Algebraically, a vector is an ordered tuple of numbers — its components. A 2D vector is \((v_1, v_2)\); a 3D vector is \((v_1, v_2, v_3)\); an \(n\)-dimensional vector is \((v_1, v_2, \ldots, v_n)\). Each component represents the projection of the vector onto a coordinate axis.
The two views are equivalent. The arrow from the origin to the point \((3, 4)\) is the same vector as the algebraic object \((3, 4)\). Most linear algebra builds on switching freely between these representations.
Components in a Coordinate System
Choose a coordinate system (axes), and a vector decomposes into components along each axis. In 2D with standard axes:
$$\mathbf{v} = (v_1, v_2) = v_1 \hat{i} + v_2 \hat{j}$$where \(\hat{i} = (1, 0)\) and \(\hat{j} = (0, 1)\) are unit vectors along the x and y axes.
In 3D, add \(\hat{k} = (0, 0, 1)\):
$$\mathbf{v} = v_1 \hat{i} + v_2 \hat{j} + v_3 \hat{k}$$Components depend on the coordinate system. The same geometric arrow has different components in different bases — a key insight that motivates change-of-basis transformations and the entire theory of linear transformations.
Vector Addition
To add two vectors algebraically, add their components:
$$\mathbf{u} + \mathbf{v} = (u_1 + v_1, u_2 + v_2, \ldots)$$Geometrically, place the tail of \(\mathbf{v}\) at the head of \(\mathbf{u}\); the sum is the arrow from the tail of \(\mathbf{u}\) to the head of \(\mathbf{v}\). This is the triangle rule (or parallelogram rule, when the two vectors share a tail and you complete the parallelogram).
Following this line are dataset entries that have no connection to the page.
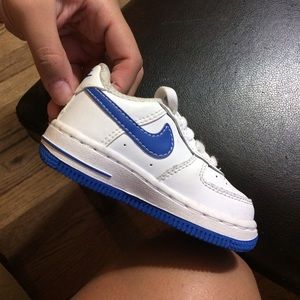 Toddler Nike sneakers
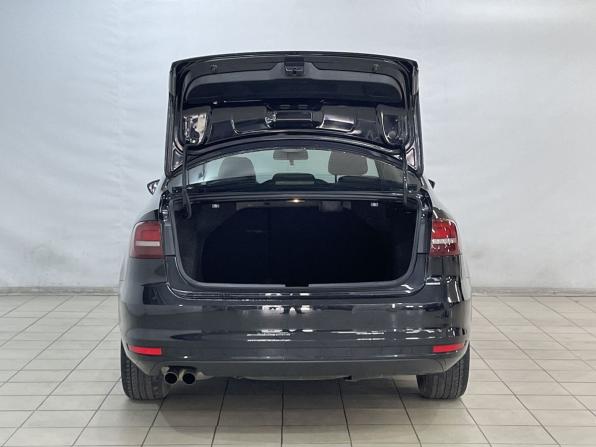 Volkswagen Jetta VI Рестайлинг с пробегом 2016 года, цена 1 240 000 рублей, 183665 км, седан, Автокод Объявления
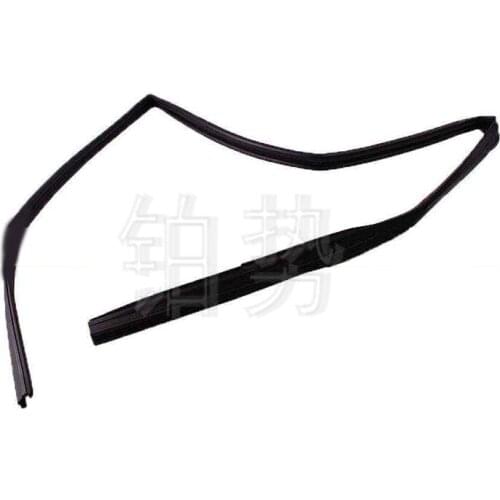 Car left rear door glass lift groove assembly 2013-toy ota RA V4 2.5L 2.0L CVT door lint trough rear rear door glass guide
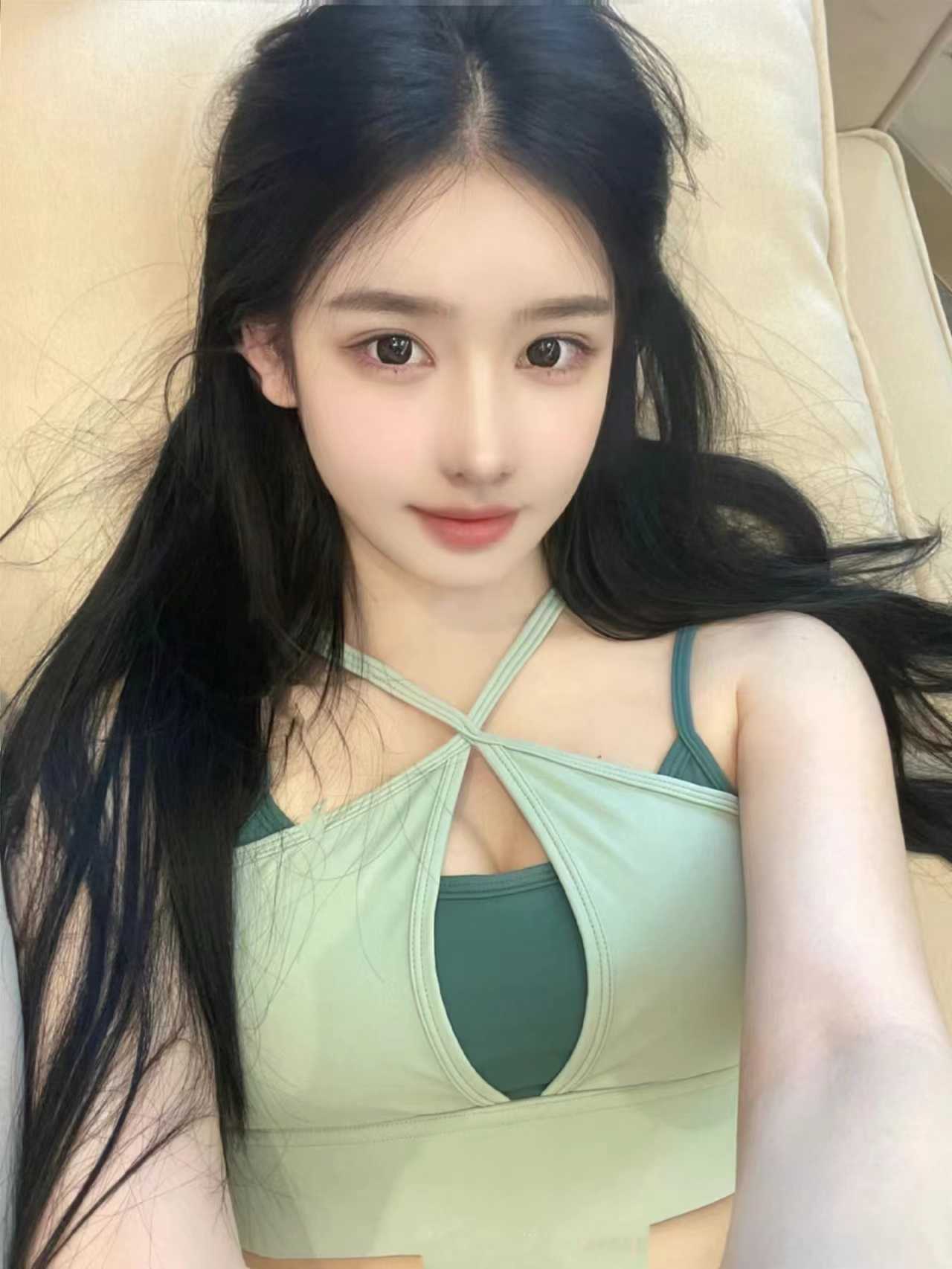 超性感漂亮的小姐姐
Vector addition is commutative and associative: \(\mathbf{u} + \mathbf{v} = \mathbf{v} + \mathbf{u}\) and \((\mathbf{u} + \mathbf{v}) + \mathbf{w} = \mathbf{u} + (\mathbf{v} + \mathbf{w})\). The zero vector \(\mathbf{0}\) is the additive identity. Every vector \(\mathbf{v}\) has an additive inverse \(-\mathbf{v}\) with the same length but opposite direction.
Scalar Multiplication
Multiplying a vector by a scalar (a real number) scales each component:
$$c \mathbf{v} = (c v_1, c v_2, \ldots)$$Geometrically, scalar multiplication stretches or compresses the vector. Multiplying by a positive scalar keeps the direction; multiplying by a negative scalar reverses it. Multiplying by zero collapses the vector to the zero vector.
Scalar multiplication distributes over vector addition: \(c(\mathbf{u} + \mathbf{v}) = c\mathbf{u} + c\mathbf{v}\). It also satisfies \((cd)\mathbf{v} = c(d\mathbf{v})\) and \(1 \cdot \mathbf{v} = \mathbf{v}\). These properties, plus the addition properties, make the set of vectors a vector space.
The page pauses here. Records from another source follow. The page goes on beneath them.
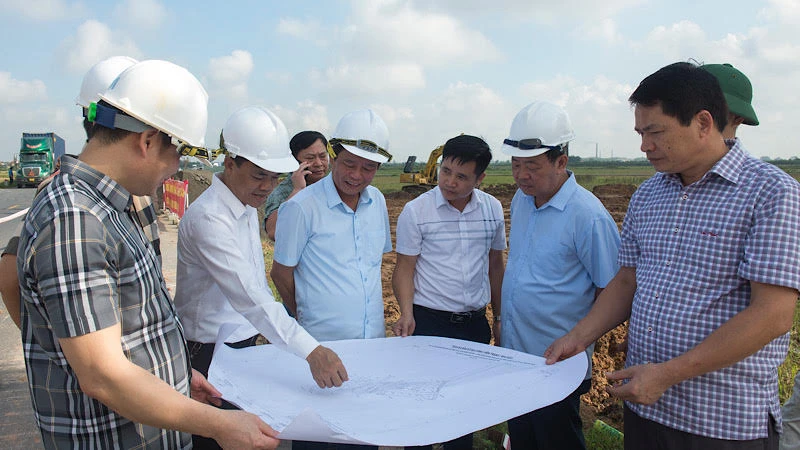 Lãnh đạo tỉnh Bắc Ninh kiểm tra tại công trường thi công dự án đường Vành đai 4-Vùng Thủ đô.
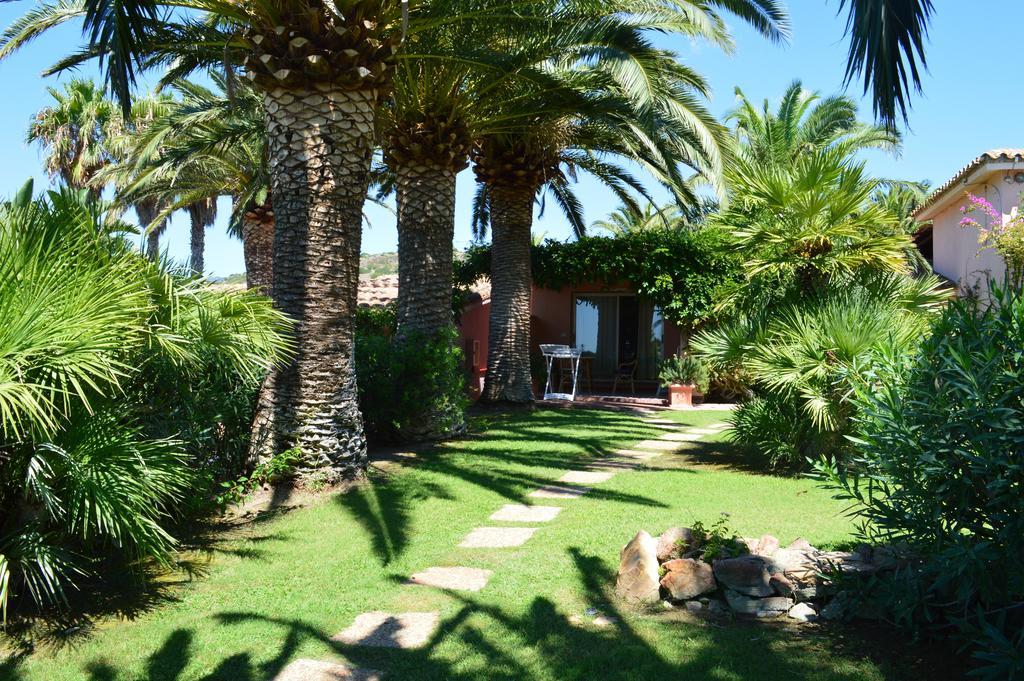 Residence Fenicia Villasimius Exterior photo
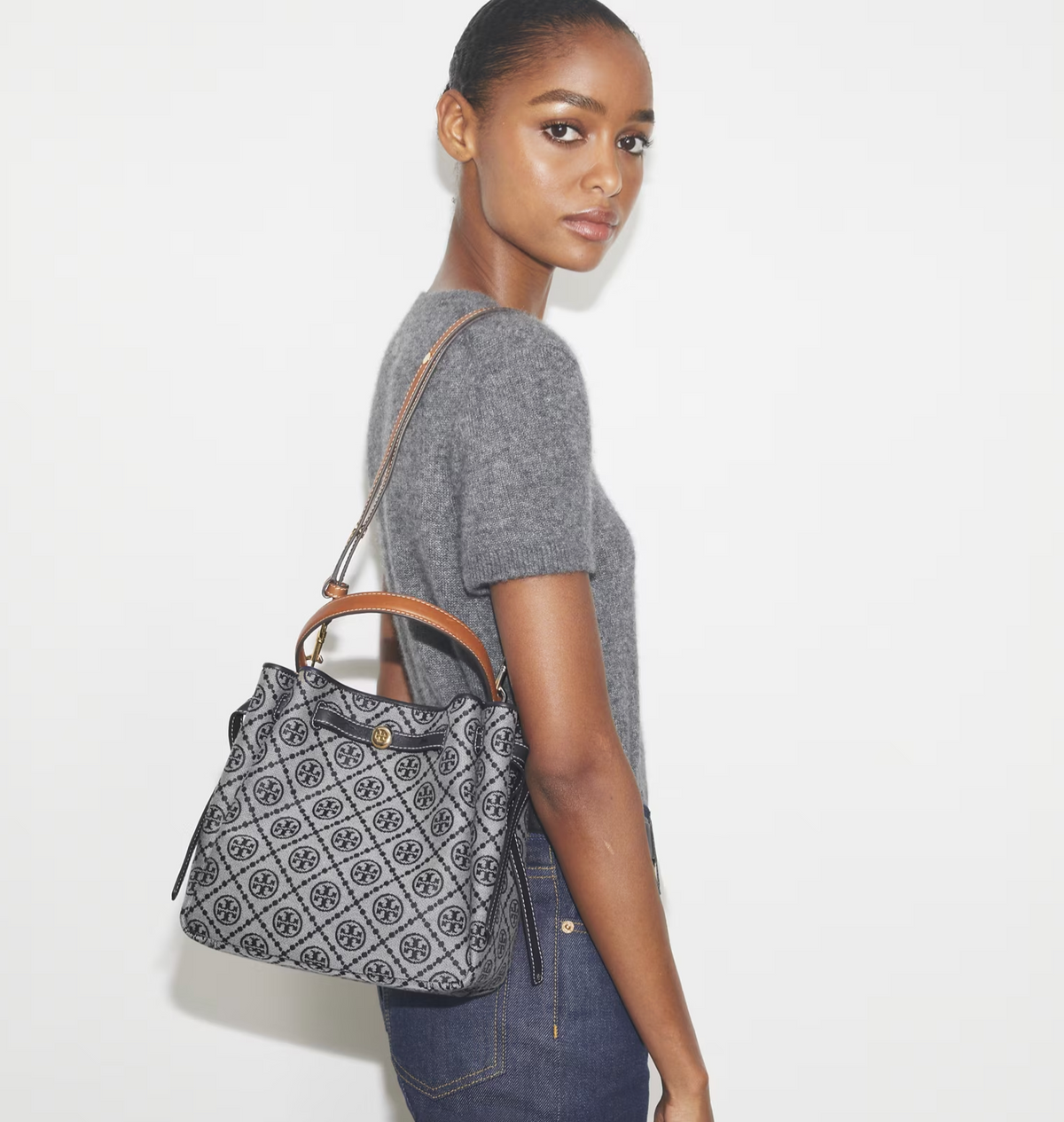 TORY BURCH ROMY T MONOGRAM BUCKET BAG - TORY NAVY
Magnitude and Unit Vectors
The magnitude (length, norm) of a vector is computed by the Pythagorean theorem extended to \(n\) dimensions:
$$|\mathbf{v}| = \sqrt{v_1^2 + v_2^2 + \ldots + v_n^2}$$A unit vector has magnitude 1. To turn any nonzero vector into a unit vector pointing in the same direction, divide by its magnitude:
$$\hat{v} = \frac{\mathbf{v}}{|\mathbf{v}|}$$Unit vectors are useful when only the direction matters — defining axes, expressing other vectors as scalar multiples, or computing angles. The standard basis vectors \(\hat{i}\), \(\hat{j}\), \(\hat{k}\) are the canonical example.
The Dot Product
The dot product (also called inner product or scalar product) of two vectors is defined two equivalent ways:
$$\mathbf{u} \cdot \mathbf{v} = u_1 v_1 + u_2 v_2 + \ldots + u_n v_n = |\mathbf{u}||\mathbf{v}| \cos\theta$$where \(\theta\) is the angle between the vectors. The first form is computational (just multiply components and add); the second form is geometric (and shows the dot product encodes the angle).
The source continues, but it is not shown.